Sounds like a fun project  I've thought of carving or woodburning a frame in the past too. I was just going to use a frame from a craft store which I don't think are usually one piece. Good luck!



Starless Sneetch said:


> This is a great goal, slyfox! Drawing is a great way to express yourself and let the right side of your brain take over for a bit. I always find when I am doing some sort of artwork and I get really into it, I worry less about how it looks and just let everything flow. It's a great feeling!


Thanks  I tend to worry too much these days about only trying to improve my drawing skills. It is nice the times when I get absorbed in a drawing and am having a fun time though 

I'm already behind on my goal. It is the start of the 3rd day and I only have 41 minutes in. I'll have to get caught up


----------



## A51XF (Apr 7, 2014)

When I buy some new drawing paper I'll join in.


----------



## A51XF (Apr 7, 2014)

I started my drawing hour today. I don't know if I can keep drawing for a year that is going to be tough.


----------



## A51XF (Apr 7, 2014)

A51XF said:


> I started my drawing hour today. I don't know if I can keep drawing for a year that is going to be tough.


Learn to read you idiot that is his goal.


----------



## slyfox (Nov 18, 2007)

A51XF said:


> Learn to read you idiot that is his goal.

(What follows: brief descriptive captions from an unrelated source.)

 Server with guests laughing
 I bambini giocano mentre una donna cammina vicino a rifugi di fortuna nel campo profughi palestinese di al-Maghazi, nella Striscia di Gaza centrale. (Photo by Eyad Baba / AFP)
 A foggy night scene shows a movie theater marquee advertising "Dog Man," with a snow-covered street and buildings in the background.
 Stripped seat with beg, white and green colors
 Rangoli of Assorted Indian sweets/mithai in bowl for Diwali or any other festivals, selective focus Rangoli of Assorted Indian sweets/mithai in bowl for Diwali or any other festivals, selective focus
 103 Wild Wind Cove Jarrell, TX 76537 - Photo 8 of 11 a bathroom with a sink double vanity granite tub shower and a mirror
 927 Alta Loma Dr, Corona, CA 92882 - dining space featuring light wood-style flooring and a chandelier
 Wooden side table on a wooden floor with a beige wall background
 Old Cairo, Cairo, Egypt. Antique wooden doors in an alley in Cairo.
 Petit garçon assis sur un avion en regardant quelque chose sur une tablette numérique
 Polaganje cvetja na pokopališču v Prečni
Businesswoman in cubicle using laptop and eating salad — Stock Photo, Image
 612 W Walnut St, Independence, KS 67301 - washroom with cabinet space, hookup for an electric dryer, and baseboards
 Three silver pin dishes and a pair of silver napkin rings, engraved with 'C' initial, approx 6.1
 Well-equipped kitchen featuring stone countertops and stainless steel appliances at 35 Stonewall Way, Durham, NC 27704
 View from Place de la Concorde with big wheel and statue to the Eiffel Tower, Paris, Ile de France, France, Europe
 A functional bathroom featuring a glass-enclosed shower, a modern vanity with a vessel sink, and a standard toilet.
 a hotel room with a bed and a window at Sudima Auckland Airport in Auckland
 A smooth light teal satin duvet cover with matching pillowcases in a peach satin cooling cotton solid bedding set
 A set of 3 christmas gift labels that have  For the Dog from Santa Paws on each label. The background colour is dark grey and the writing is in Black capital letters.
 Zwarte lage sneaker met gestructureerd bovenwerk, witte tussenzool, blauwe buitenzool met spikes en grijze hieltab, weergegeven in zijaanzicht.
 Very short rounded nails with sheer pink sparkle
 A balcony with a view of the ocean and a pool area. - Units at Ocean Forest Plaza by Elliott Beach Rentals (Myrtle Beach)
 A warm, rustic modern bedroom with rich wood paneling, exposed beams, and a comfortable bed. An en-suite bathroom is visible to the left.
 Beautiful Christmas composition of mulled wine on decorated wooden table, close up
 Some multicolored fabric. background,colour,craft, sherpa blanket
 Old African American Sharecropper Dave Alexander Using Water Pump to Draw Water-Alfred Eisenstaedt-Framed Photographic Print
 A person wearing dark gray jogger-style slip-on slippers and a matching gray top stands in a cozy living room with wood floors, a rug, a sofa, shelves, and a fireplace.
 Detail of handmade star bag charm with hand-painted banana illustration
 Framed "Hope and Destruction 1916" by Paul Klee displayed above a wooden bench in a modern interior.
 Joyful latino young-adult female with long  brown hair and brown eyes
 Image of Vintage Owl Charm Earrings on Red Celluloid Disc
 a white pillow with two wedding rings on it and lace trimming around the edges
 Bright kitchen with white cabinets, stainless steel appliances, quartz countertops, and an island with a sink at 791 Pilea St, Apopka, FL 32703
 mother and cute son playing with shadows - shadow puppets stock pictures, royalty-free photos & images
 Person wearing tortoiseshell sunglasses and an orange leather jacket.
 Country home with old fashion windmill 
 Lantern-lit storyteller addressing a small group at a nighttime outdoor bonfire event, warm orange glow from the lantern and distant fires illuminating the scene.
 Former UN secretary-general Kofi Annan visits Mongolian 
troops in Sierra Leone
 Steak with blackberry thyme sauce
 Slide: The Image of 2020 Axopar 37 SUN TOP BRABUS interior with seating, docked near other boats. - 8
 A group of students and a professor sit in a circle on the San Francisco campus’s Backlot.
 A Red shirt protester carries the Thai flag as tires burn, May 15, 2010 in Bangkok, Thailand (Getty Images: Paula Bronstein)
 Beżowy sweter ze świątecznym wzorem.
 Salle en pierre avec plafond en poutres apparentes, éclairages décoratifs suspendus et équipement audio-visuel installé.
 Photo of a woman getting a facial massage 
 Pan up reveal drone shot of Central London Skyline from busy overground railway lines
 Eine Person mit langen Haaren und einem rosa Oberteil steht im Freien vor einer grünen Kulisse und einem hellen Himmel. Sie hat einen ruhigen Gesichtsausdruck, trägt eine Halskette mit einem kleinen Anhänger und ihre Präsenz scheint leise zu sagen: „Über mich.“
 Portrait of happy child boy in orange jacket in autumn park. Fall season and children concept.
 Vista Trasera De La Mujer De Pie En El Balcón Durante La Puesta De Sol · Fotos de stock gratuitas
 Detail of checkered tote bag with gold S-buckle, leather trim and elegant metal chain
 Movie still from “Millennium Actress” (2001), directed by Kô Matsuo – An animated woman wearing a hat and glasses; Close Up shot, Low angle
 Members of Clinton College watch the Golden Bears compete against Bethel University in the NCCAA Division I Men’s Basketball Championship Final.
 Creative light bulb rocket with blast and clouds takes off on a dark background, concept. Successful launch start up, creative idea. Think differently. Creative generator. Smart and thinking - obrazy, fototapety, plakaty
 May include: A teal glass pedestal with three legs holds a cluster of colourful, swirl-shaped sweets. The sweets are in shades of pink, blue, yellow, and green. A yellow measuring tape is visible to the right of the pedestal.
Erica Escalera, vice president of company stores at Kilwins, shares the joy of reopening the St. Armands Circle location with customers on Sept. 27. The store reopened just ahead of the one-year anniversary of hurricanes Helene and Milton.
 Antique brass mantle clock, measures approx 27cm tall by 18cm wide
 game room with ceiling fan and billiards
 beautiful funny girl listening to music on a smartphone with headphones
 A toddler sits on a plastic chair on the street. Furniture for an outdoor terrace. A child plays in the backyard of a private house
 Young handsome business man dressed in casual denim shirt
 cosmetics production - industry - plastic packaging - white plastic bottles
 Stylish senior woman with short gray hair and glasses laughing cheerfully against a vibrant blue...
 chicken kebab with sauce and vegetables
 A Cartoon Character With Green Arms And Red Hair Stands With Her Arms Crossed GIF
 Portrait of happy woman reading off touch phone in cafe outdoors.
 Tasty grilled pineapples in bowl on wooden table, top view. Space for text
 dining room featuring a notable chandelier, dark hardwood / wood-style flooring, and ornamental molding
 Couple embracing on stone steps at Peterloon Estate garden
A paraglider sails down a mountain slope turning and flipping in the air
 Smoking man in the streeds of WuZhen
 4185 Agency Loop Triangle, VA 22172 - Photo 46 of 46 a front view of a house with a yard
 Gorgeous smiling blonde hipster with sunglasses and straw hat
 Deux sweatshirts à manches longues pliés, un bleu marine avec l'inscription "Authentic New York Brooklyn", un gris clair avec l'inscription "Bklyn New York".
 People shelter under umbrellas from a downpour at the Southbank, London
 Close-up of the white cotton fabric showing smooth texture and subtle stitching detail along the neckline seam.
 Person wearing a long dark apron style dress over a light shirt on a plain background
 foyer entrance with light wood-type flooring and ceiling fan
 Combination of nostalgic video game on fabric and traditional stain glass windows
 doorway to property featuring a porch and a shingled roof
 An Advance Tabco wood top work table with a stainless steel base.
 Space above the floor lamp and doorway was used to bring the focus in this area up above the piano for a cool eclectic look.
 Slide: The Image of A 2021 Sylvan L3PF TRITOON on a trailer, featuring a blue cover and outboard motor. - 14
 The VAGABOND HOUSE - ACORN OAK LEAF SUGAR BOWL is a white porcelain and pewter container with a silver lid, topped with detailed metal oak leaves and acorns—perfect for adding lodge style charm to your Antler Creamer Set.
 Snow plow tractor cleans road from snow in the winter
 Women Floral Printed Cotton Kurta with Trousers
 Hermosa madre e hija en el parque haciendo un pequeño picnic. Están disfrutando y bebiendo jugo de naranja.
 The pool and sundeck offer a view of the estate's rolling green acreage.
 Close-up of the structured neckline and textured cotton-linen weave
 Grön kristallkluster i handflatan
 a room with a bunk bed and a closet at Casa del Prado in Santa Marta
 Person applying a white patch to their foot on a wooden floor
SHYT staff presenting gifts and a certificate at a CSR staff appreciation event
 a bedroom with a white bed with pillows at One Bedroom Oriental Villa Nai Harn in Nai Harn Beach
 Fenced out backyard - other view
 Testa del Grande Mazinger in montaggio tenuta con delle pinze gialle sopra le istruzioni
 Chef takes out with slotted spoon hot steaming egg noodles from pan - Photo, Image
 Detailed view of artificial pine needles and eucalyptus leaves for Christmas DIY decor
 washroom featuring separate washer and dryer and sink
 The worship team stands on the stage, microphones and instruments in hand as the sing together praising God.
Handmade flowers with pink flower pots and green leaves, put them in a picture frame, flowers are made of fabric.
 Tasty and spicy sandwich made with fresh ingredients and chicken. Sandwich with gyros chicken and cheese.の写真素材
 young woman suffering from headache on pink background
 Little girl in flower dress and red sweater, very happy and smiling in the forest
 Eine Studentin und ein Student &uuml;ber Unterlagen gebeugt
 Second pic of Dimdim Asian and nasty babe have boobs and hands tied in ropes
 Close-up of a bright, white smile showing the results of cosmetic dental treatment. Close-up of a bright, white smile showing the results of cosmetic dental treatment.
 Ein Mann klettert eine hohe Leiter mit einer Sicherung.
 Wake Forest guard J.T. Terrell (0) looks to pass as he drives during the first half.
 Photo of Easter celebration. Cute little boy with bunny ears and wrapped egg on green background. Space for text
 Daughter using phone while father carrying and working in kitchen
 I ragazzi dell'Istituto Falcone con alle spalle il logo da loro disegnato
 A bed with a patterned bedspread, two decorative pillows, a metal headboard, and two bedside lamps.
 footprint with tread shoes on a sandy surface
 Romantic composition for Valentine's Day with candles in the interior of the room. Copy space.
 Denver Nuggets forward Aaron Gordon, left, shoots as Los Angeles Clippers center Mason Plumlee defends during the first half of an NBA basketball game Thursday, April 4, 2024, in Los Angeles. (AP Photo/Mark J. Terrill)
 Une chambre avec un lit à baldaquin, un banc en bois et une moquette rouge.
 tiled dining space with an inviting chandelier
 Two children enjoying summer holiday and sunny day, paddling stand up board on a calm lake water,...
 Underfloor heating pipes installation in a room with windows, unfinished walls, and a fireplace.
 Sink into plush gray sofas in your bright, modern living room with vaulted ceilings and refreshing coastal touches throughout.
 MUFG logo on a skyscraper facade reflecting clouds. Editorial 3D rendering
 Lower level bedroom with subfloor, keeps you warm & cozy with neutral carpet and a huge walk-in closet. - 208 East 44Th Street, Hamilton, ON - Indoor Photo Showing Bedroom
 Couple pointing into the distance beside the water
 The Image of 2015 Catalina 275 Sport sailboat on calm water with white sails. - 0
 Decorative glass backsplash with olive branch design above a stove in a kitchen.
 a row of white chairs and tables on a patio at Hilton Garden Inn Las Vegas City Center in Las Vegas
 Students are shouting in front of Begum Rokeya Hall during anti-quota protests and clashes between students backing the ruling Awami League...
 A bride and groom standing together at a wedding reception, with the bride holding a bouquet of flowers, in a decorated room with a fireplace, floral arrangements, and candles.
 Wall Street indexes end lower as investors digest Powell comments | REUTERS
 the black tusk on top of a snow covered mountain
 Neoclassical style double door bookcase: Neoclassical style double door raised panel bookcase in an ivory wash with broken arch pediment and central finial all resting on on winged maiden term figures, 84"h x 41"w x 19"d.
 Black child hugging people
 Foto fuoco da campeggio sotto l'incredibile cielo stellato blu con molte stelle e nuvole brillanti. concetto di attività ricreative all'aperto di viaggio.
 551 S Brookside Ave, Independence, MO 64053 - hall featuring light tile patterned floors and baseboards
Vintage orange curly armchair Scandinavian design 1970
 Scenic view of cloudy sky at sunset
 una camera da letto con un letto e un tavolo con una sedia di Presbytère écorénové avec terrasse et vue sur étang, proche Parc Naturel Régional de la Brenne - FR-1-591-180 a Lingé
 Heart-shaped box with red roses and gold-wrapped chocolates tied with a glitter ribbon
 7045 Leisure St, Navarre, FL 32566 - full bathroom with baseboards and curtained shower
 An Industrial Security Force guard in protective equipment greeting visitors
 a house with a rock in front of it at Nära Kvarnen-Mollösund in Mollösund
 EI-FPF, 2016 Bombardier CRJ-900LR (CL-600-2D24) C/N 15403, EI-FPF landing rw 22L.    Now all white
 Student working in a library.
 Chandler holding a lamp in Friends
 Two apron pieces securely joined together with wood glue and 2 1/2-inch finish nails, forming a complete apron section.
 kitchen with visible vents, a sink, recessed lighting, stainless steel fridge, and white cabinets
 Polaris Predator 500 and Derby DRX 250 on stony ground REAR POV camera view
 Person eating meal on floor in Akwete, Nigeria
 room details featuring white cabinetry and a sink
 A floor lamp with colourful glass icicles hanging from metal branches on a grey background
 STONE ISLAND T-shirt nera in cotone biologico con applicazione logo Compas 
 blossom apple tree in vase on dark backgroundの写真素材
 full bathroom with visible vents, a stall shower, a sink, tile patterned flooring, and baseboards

Is fine if you set the same goal :b so far you are doing better than I am. I only have 41 minutes and a bunch of days have passed. I've done 5-7 hour days of drawing in the past. I might end up having to do that occasionally to keep on goal.


----------



## slyfox (Nov 18, 2007)

Haven't worked on drawing in a very long time. Plan on getting a daily routine going soon

I have problem on trying way too many hobbies and arts. There are a ton of things I wanna do though. I think I'm going to force myself to work harder on some of the arts/crafts I do and hold off on more expensive or difficult arts.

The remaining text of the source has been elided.